Source records

┄┄┄┄┄┄

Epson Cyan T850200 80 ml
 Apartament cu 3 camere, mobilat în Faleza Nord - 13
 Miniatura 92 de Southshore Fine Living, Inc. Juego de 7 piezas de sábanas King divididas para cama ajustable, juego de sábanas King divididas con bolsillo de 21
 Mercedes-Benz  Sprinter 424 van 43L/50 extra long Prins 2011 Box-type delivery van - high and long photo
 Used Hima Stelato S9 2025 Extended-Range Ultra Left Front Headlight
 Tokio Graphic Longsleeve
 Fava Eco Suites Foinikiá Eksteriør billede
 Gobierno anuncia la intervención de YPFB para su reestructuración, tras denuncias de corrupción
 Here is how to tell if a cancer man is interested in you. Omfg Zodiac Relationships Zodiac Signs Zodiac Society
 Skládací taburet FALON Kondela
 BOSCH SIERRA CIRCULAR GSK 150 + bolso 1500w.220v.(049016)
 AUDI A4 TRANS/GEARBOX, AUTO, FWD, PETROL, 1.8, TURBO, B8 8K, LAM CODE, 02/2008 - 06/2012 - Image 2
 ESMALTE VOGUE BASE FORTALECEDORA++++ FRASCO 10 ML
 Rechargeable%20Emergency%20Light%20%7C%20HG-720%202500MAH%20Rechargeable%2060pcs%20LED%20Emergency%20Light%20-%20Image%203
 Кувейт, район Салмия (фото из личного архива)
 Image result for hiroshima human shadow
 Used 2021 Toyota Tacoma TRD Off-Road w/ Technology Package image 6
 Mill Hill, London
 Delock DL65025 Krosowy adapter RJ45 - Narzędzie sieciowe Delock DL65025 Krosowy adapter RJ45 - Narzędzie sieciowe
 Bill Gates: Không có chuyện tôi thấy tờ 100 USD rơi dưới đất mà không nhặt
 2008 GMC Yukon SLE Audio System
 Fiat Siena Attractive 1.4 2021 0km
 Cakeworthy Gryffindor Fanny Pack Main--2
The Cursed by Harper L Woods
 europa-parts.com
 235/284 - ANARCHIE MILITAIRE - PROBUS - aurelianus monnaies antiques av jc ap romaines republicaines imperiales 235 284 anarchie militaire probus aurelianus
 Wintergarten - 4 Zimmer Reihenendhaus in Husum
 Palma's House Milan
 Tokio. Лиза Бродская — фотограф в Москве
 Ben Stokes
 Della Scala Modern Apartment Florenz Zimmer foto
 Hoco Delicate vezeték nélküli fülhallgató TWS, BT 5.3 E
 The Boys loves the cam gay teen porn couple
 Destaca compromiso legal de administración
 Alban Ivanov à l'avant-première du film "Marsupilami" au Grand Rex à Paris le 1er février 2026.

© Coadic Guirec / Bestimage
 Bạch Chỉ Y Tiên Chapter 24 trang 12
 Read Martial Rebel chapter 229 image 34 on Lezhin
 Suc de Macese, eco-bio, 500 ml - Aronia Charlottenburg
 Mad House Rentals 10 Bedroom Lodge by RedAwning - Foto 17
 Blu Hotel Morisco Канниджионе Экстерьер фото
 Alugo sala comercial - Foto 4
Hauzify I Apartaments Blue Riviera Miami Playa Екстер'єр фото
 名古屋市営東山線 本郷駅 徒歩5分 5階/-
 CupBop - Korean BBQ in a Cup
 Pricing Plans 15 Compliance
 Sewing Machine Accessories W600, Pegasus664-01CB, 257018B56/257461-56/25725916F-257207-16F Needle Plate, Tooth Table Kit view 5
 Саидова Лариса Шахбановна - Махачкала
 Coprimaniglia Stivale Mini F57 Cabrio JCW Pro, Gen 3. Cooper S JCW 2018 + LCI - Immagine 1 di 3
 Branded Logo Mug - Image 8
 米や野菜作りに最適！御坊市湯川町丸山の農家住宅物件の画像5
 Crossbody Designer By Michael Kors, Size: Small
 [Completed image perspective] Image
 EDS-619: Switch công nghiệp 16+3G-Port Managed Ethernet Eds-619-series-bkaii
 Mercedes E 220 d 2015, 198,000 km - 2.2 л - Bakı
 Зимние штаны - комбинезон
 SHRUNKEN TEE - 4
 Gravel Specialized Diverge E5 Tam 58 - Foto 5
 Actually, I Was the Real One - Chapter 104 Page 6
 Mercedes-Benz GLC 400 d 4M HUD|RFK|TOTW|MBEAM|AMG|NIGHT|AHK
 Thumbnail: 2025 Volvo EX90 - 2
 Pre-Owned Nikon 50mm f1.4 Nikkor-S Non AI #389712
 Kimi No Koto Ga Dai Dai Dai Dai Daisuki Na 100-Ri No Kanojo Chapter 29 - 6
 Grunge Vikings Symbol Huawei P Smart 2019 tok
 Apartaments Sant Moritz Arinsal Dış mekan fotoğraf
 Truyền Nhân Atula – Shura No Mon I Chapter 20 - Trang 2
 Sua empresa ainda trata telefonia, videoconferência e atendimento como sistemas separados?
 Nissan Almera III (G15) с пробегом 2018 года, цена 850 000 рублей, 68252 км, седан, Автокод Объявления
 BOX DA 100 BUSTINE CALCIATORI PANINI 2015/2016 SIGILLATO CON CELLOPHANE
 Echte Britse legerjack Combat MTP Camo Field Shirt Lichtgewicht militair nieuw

┄┄┄┄┄┄

Goal of the exercise:
Look above for the line with "The Boys loves the cam gay teen porn couple" and the line with "Bạch Chỉ Y Tiên Chapter 24 trang 12". Write out those two lines and all the lines between them, exactly, and no others.

Output for this task:
 The Boys loves the cam gay teen porn couple
 Destaca compromiso legal de administración
 Alban Ivanov à l'avant-première du film "Marsupilami" au Grand Rex à Paris le 1er février 2026.

© Coadic Guirec / Bestimage
 Bạch Chỉ Y Tiên Chapter 24 trang 12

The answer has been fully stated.